### ASSIGNED TASK
Copy word for word the lines of the records below, beginning at the one with "Eingang zu einer" and finishing at the one with "Woman wearing chunky", ends included, but none of the pictures.

### RECORDS SUPPLIED
┌────────
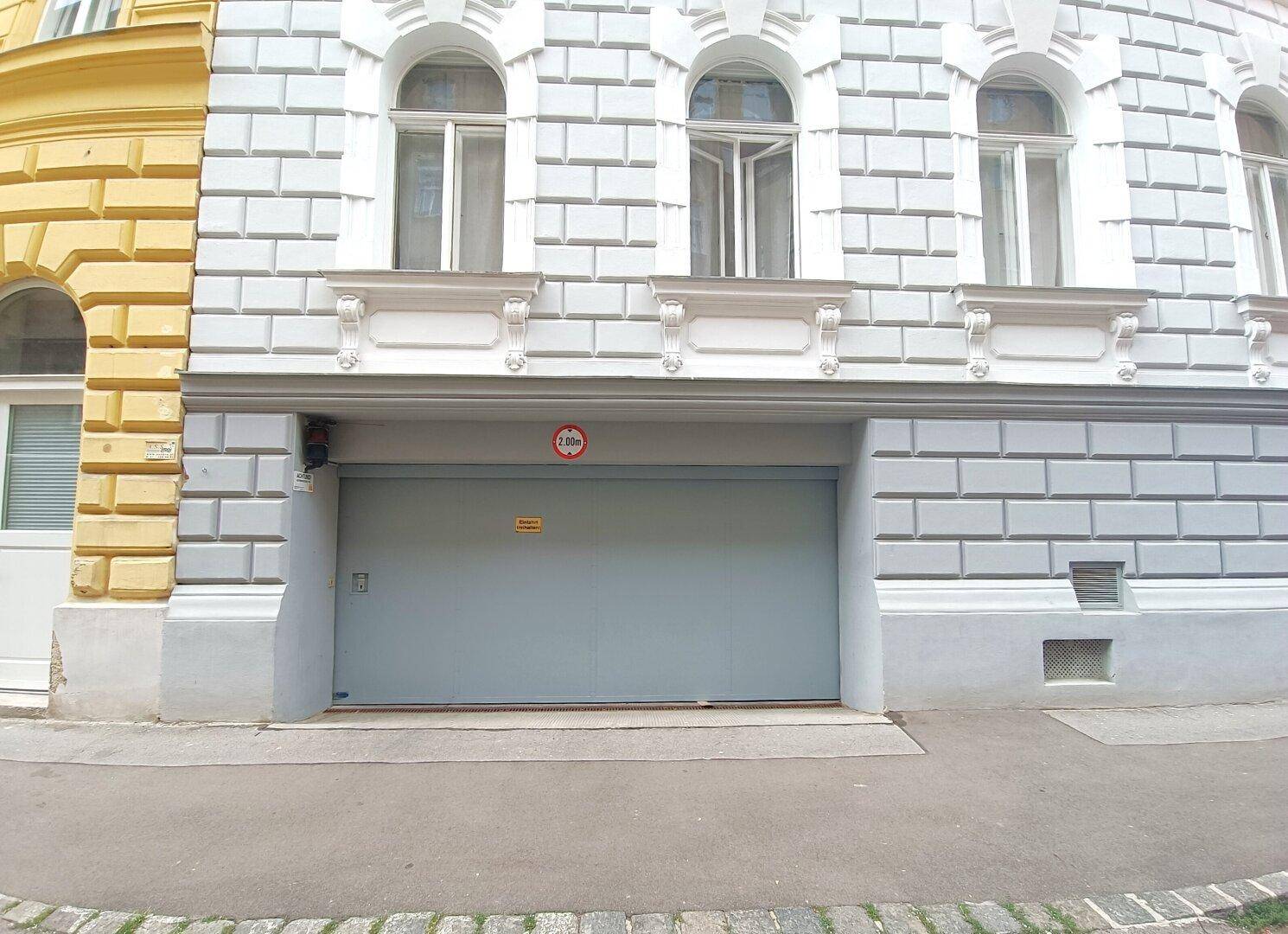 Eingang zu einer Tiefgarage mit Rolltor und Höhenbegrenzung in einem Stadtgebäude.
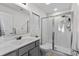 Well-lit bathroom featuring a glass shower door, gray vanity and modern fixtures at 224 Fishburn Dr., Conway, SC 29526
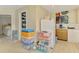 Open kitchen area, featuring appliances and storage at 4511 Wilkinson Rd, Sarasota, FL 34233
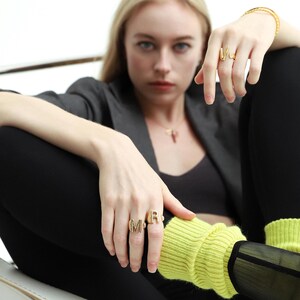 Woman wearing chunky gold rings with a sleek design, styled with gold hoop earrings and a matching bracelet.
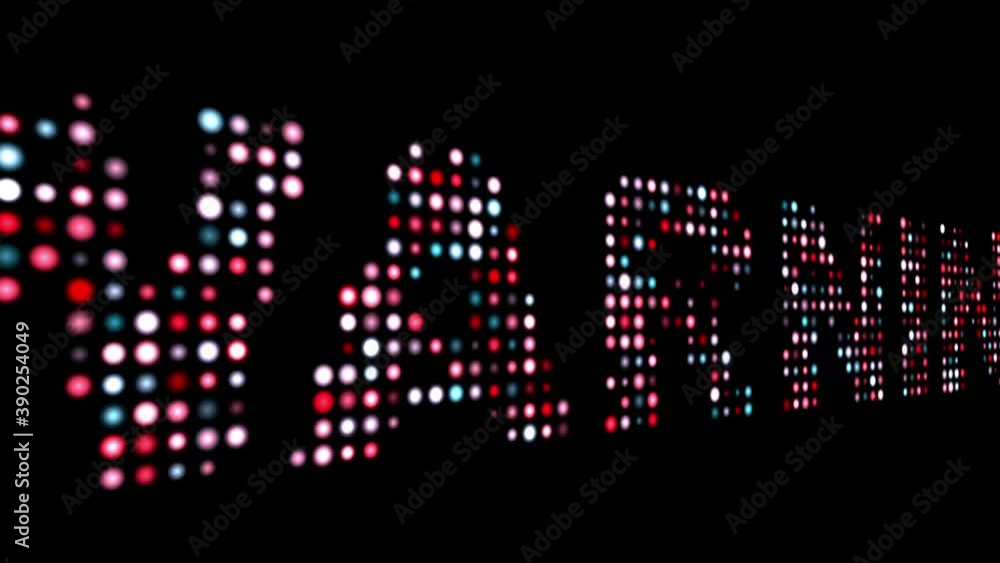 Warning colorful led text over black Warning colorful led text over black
└────────
┌────────
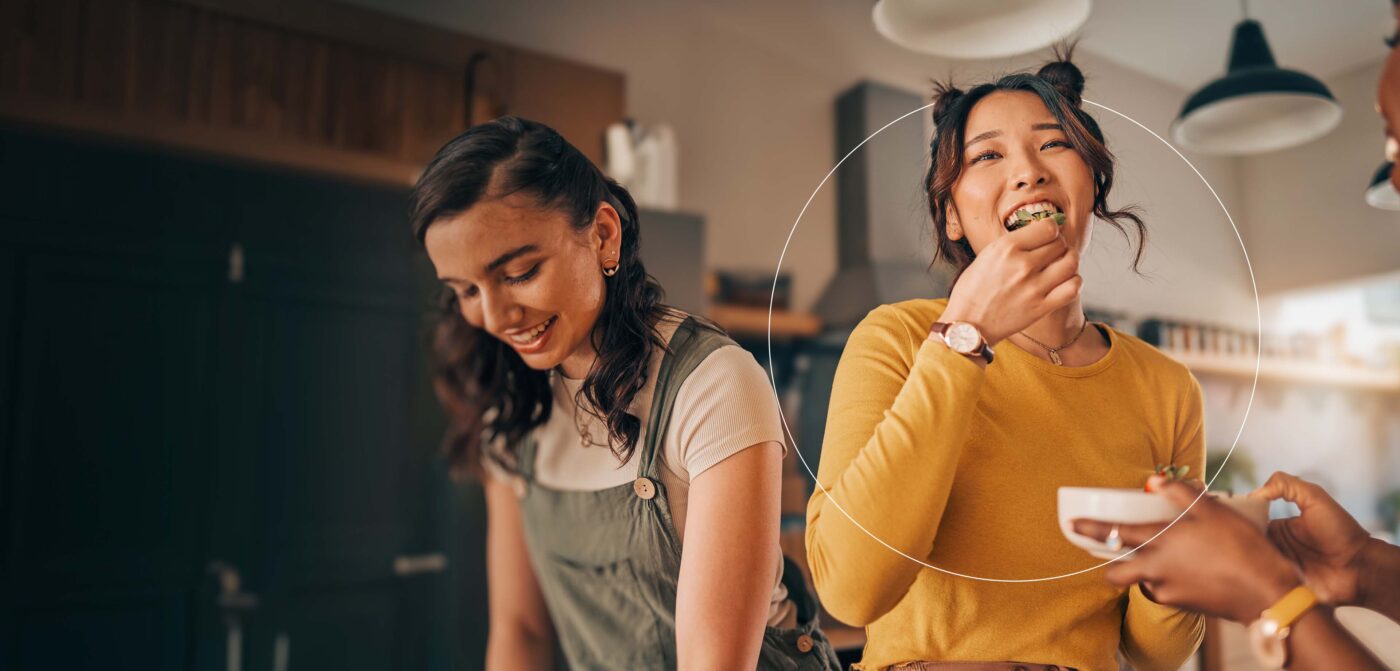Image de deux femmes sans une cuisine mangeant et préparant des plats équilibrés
└────────
### ANSWER SPACE
 Eingang zu einer Tiefgarage mit Rolltor und Höhenbegrenzung in einem Stadtgebäude.
 Well-lit bathroom featuring a glass shower door, gray vanity and modern fixtures at 224 Fishburn Dr., Conway, SC 29526
 Open kitchen area, featuring appliances and storage at 4511 Wilkinson Rd, Sarasota, FL 34233
 Woman wearing chunky gold rings with a sleek design, styled with gold hoop earrings and a matching bracelet.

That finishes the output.